The fact that the coalition went public with its proposals, first put forward on August 11, suggests that negotiations between the parties have yet to yield any significant breakthroughs that would end the months-long strike. Last month, actors joined the writers in picketing, effectively halting all production of scripts.
Film and TV writers have been on strike since early May; Earlier this month, the WGA and AMPTP resumed negotiations. Both sides have generally avoided commenting publicly on the status of the talks.
On Friday, the WGA’s negotiation committee informed its members that “the AMPTP has provided responses to our suggestions in all areas of work,” but advised members to “be skeptical of third-party rumors, knowing the guild will communicate.” when we believe there is something of importance to report.”
Tuesday’s AMPTP statement followed a meeting earlier in the day between WGA executives and several top executives, including Warner Bros. Discovery CEO David Zaslav, Netflix co-CEO Ted Sarandos, and Walt Disney CEO Bob Iger Co., and Donna Langley, chairwoman of Universal Filmed Entertainment Group, according to a person familiar with the meeting, who was not authorized to comment.

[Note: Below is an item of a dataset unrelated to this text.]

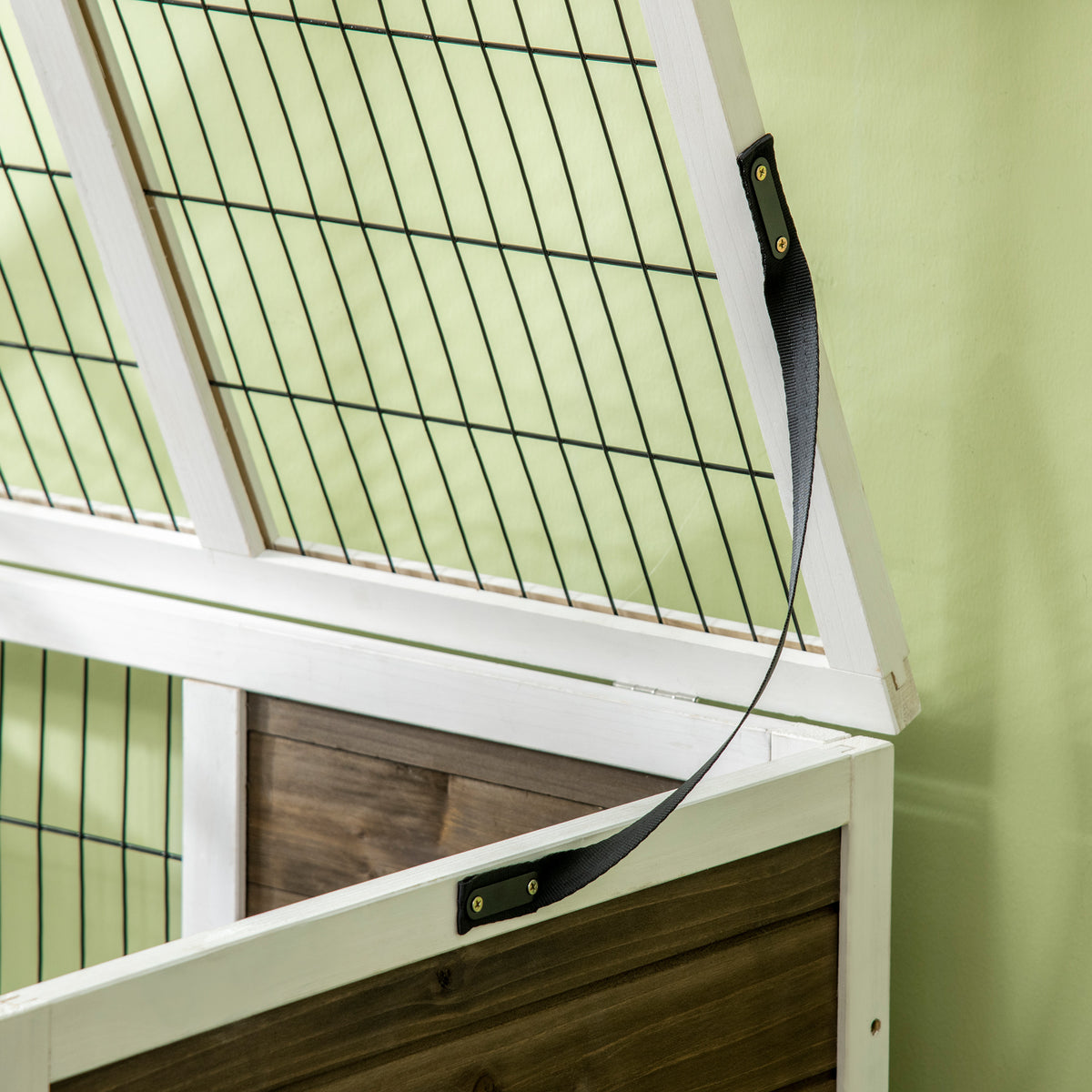 Wood Rabbit Hutch with Elevated Run for Small Animals – view 9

In its statement, the AMPTP said it was offering the WGA its biggest pay rise in 35 years, with pay increases of 5% in the first year of the proposed contract, followed by increases of 4% and 3.5% in subsequent years.

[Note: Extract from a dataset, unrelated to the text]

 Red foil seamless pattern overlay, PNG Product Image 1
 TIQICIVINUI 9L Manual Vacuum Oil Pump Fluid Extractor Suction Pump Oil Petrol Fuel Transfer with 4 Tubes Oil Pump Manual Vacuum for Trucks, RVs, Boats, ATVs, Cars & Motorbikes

The WGA had targeted a 6% increase in the minimum and balance amounts in the first year, followed by a 5% increase in the second and third years.

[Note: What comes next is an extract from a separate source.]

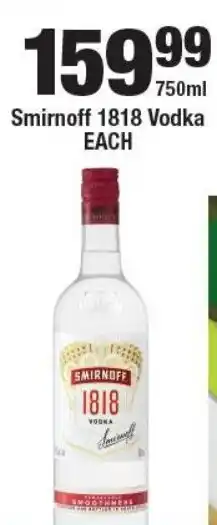 OK Liquor Smirnoff 1818 Vodka offer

A key sticking point in the negotiations was the WGA’s requirement to impose a minimum staffing requirement in writers’ rooms, which have shrunk in size during the streaming era.
To address the issue, the AMPTP said it would allow the showrunner of high-budget streaming and pay-TV series to hire at least two mid-market writers for at least a 20-week stint on the production. In addition, it was suggested that authors should be guaranteed at least ten weeks’ employment in development rooms.
Screenwriters have expressed concern that the rapid acceleration of streaming has shortened television seasons, making it harder for writers to make a living.
The studios said they had offered a new compensation structure for development rooms, as well as “truthful protections” for authors surrounding the use of generative artificial intelligence, including guarantees that written material produced by GAI would not be considered literary material.
The AMPTP said its offer would increase residual amounts for high-budget streaming shows (from $72,067 to $87,546 per episode for three years of exhibition).
And to provide more transparency into how well shows are doing – another important concern for the authors – the WGA would receive quarterly reports that would include viewing hours per title.
“Our priority is to end the strike so that valued members of the creative community can get back to what they do best and end the hardships that so many people and businesses serving the industry are suffering,” Carol said Lombardini, President of the AMPTP.
The WGA did not immediately respond to a request for comment, but some WGA members expressed irritation that the AMPTP had gone public with its offer.
“Wait for the WGA responses that contextualize what the current AMPTP offerings offer and then what takes away.” David Simon, member of the negotiation committee, wrote on X (formerly known as Twitter).
“We don’t lick as a tactic; They do it when we read the fine print and refuse to immediately act on their suggestions.”
On Tuesday, more than 3,000 union members attended a rally outside the Walt Disney Co. Burbank office to express solidarity with the striking film and television actors and writers.